Dieser Gastbeitrag von Marcel Fratzscher erschien am 18. Februar 2024 in der Welt am Sonntag.
Die bekanntgewordenen Vorschläge der Parteien gehen in fünf zentralen Punkten an der heutigen Problematik vorbei. Zum einen fokussieren sie sich einseitig auf vermeintliche Probleme, anstatt Chancen und Stärken zu mobilisieren. FDP und CDU/CSU springen mit ihren Forderungen auf die miesmacherische Stimmung im Land auf, die der wirtschaftlichen Realität jedoch nicht gerecht wird. Verantwortungsvolle und kluge Vorschläge zeichnen sich dadurch aus, dass sie realistisch, konstruktiv und konkret sind. Weder die Vorschläge von CDU/CSU noch von der FDP erfüllen diese Voraussetzungen. Sie verstärken eher eine negative Stimmung und könnten damit mehr Schaden als Nutzen anrichten.

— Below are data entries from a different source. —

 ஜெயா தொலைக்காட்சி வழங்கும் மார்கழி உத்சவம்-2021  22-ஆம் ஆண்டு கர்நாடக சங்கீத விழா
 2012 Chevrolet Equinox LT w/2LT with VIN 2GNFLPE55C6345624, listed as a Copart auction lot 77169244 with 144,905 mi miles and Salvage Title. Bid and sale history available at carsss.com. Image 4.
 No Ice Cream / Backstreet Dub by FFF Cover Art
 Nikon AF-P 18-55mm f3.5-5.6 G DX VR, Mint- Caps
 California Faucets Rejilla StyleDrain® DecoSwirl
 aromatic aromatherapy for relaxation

Zum zweiten hat Deutschland heute wirtschaftlich kein konjunkturelles, sondern ein strukturelles Problem. Die Unternehmen müssen die ökologische und digitale Transformation sowie die veränderte Globalisierung gleichzeitig und zügig bewältigen, um im globalen Wettbewerb zu bestehen und als Chance nutzen zu können. Ein Konjunkturprogramm, das Unternehmen kurzfristig mit mehr Geld beglücken soll, wird lediglich ein konjunkturelles Strohfeuer entfachen.

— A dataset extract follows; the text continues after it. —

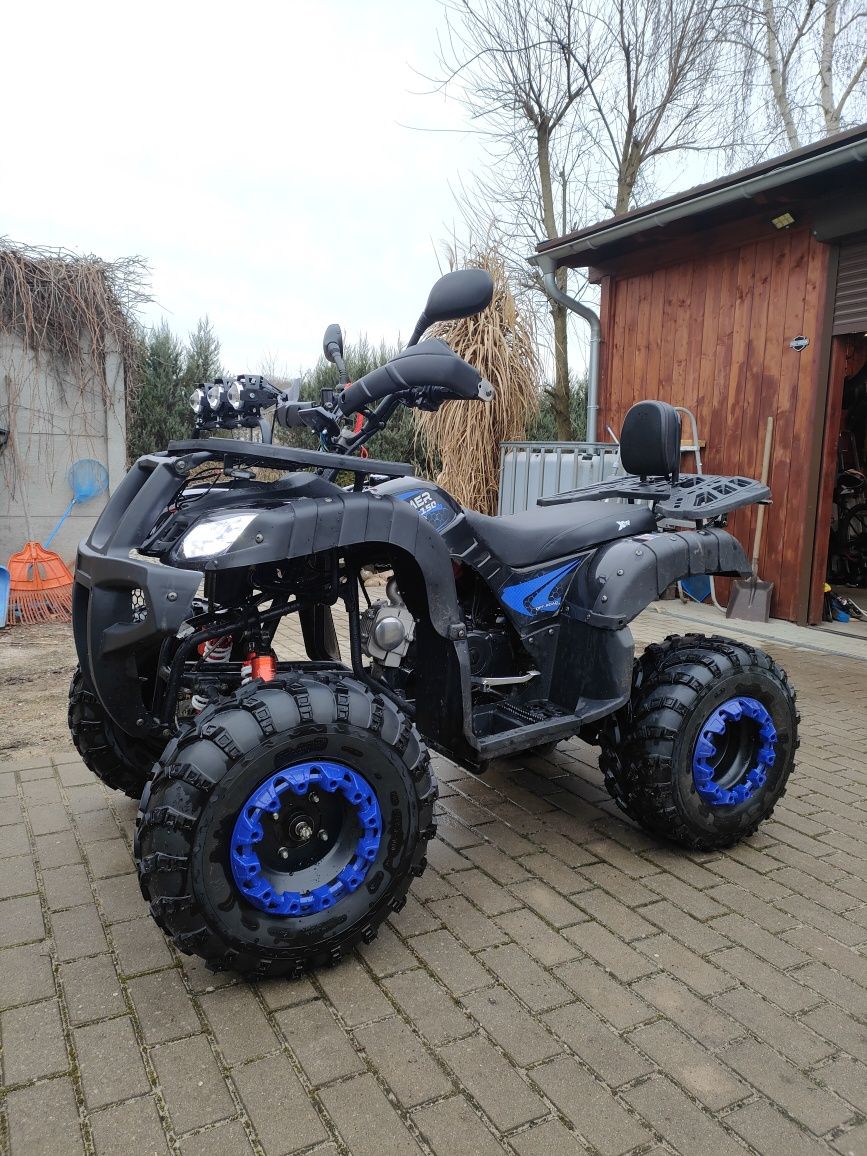 Quad XTR 150 Hummer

Als drittes zielen die beiden Programme eher auf das Zementieren des Status quo ab, anstatt die Rahmenbedingungen für alle Unternehmen zu verbessern. Transformation erfordert Veränderung. Innovationen und neue Ideen werden nur dann entstehen können, wenn alte Ideen und Strukturen sich grundlegend wandeln. Es ist gut und notwendig, wenn Unternehmen wie Miele einen Teil ihrer arbeitsintensiven Produktion in Länder wie Polen verlagern, oder Unternehmen ihre energieintensive Produktion in die USA verschieben, wo die Kosten niedriger sind. Solche Verschiebungen sind notwendig, um Unternehmen als Ganzes zu stärken. Ziel einer klugen Wirtschaftspolitik kann nicht der Erhalt von Unternehmen und Produktionen per se sein, sondern die Stärkung von Innovationsfähigkeit und der Erhalt guter Arbeitsplätze. Der Versuch, existierende Strukturen zu zementieren, wird die Deindustrialisierung langfristig beschleunigen.

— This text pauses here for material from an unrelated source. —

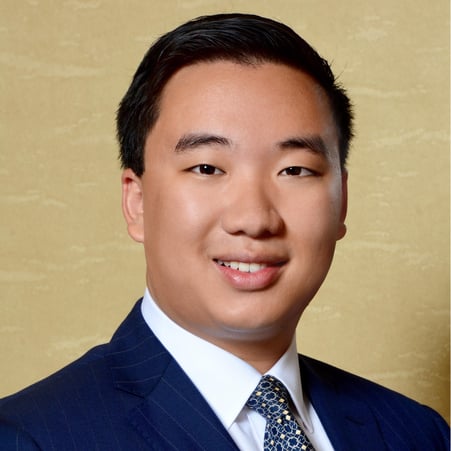 Photo of Eric T. Chin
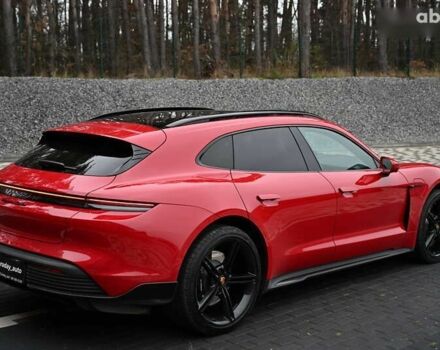 Порше Тайкан, об'ємом двигуна 0 л та пробігом 34 тис. км за 78239 $, фото 4 на Automoto.ua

Als viertes setzen beide Vorschläge die falschen wirtschaftspolitischen Prioritäten: Sie versuchen den vermeintlich leichten Weg zu gehen und Unternehmen mit Versprechen von Steuersenkungen zu befrieden. Umfragen zeigen jedoch, dass für die meisten Unternehmen die steuerliche Belastung nicht das relevante Problem ist - zumal die Steuerlast heute für die meisten deutlich geringer ist als noch vor 25 Jahren.
Die zentralen Probleme für viele Unternehmen heute sind andere: eine überbordende Bürokratie und fehlende Planungssicherheit. Die Bundesregierung versucht das zu verbessern, allerdings müssen Bund, Länder und Kommunen diese Aufgabe gemeinsam bewältigen. Sie ist schwierig zu lösen, weil es an die Besitzstände vieler mächtiger Gruppen in Wirtschaft und Gesellschaft geht.
Zudem hindert die mangelnde Infrastruktur bei Digitalisierung, Verkehr und Energie private Investitionen. Diese zentrale Hürde abzubauen, erfordert massive staatliche Investitionen, die mit der gegenwärtigen Schuldenbremse nicht vereinbar sind. Es sind jedoch vor allem die FDP und die CDU/CSU, die strikt gegen eine Reform und selbst gegen ein weiteres Aussetzen der Schuldenbremse sind und somit die Antwort schuldig bleiben, wie diese zusätzlichen Investitionen finanziert werden sollen.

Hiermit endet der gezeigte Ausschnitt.